Senza nessuna pretesa di esaurire un tema così vasto, spero che questo libro possa contribuire al dibattito, in un momento in cui la crisi dei valori porta a un diffuso bisogno di spiritualismo, che vede prevalere - credo non a caso - le forze più aggressive e fondamentaliste a scapito delle più 'moderate' (ammesso che si possa parlare di moderazione in questo campo). Così avviene in Medio Oriente tra sunniti, sciiti ed ebrei, in Birmania con i buddhisti, in India con gli indù, in Occidente con i cristiani. E le vittime dei fondamentalismi sono principalmente le donne: una ragazza viene lapidata perché accusata di aver bruciato una copia del Corano in Afghanistan; negli Stati Uniti si spara contro le cliniche che praticano l'aborto; nei conflitti le donne sono considerate bottino di guerra. Nella notte di Capodanno del 2015, a Colonia e in altre città tedesche, un attacco di violenza inaudita, anche sessuale, scatenato contro le donne che si trovavano in piazza da parte di una massa incontrollabile di maschi - di origine arabo-musulmana, ma anche occidentale - ha reso evidente qual è il nemico delle culture misogine e patriarcali.

Non si può essere tolleranti con le religioni; altrimenti, proprio qui in Europa, un giorno ci troveremo sedute in fondo all'autobus, come succede non solo in Iran ma anche in Israele, isolate su spiagge riservate a sole donne - in Italia sono già state avanzate richieste del genere, anche per le piscine - e segregate nelle scuole. Sono questioni su cui i fondamentalisti delle varie fedi si mettono facilmente d'accordo. Non lo sono forse già sul considerare le donne un oggetto sessuale di proprietà del maschio? Non importa che le vogliano nude o completamente velate. Forse la miglior rappresentazione di questo 'oggetto sessuale' la dà l'opera di Magritte Lo stupro, in cui il viso è trasformato nell'oggetto del desiderio: «Gli occhi sono diventati seni, il naso è rappresentato dall'ombelico e i genitali sostituiscono la bocca», così descrive la sua opera lo stesso pittore.

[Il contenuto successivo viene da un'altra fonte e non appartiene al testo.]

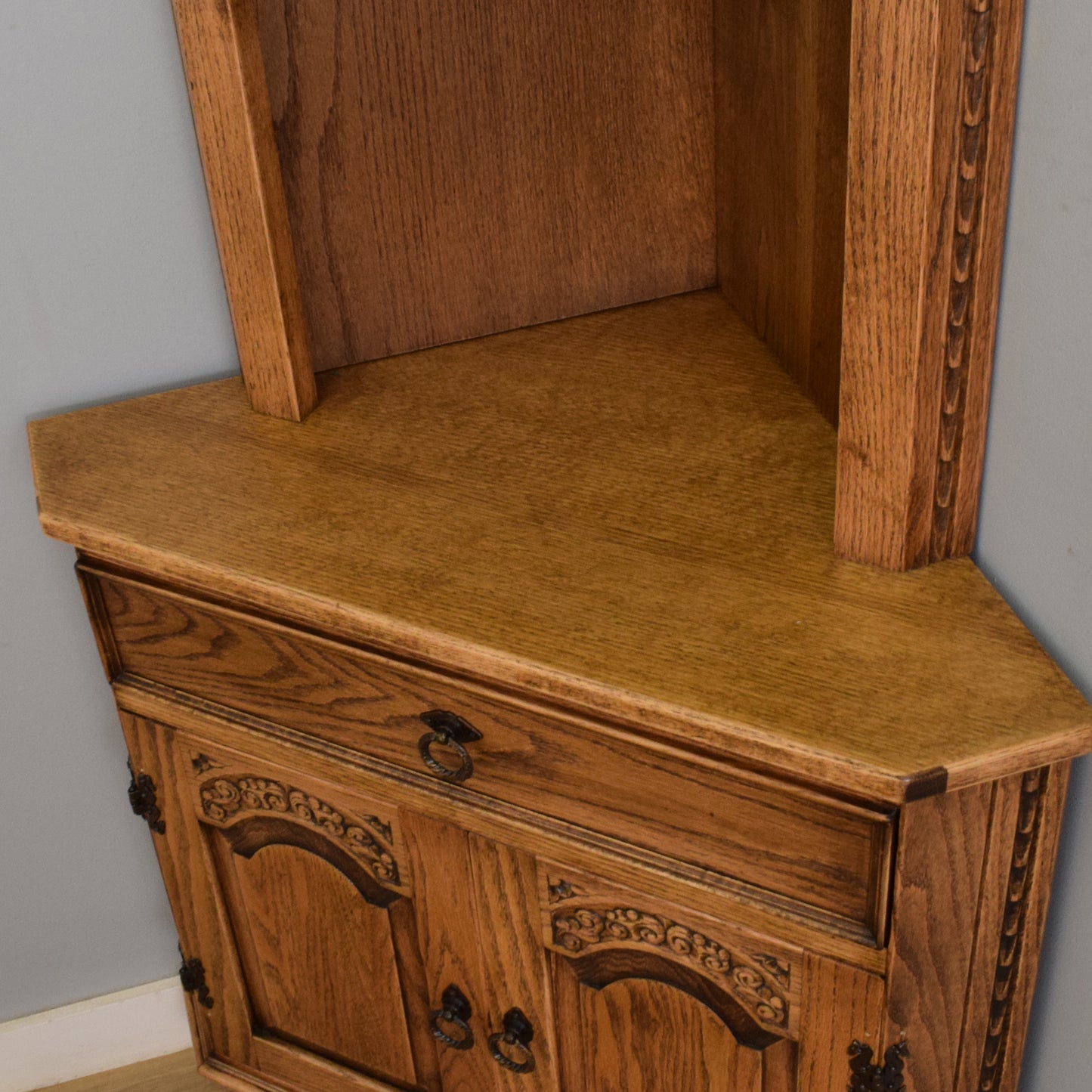 Jaycee Corner Unit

Nell'islam la sessualità non occupa solo la vita terrena, ma anche l'aldilà. «L'islam alimenta un immaginario fuori dal comune facendo appello a qualcosa di ancor più straordinario: la houri [vergine del paradiso]. La nozione di paradiso è fondata su questo piacere senza limiti [...] Il cielo, come la terra, è fondato sulla sessualità» afferma il poeta siriano Adonis, sostenitore dei diritti delle donne e della laicità. Ma in Occidente il termine 'laico' è sempre più spesso sostituito con il dispregiativo 'laicista', come se non fosse possibile sostenere i valori della Rivoluzione francese senza assumere atteggiamenti fondamentalisti. La laicità è presentata dagli oscurantisti come sinonimo di permissività e depravazione. Non a caso, proprio i simboli della laicità sono entrati nel mirino dei jihadisti, mentre è solo la laicità a poter garantire l'uguaglianza tra le varie confessioni, che non devono minimamente interferire con la politica.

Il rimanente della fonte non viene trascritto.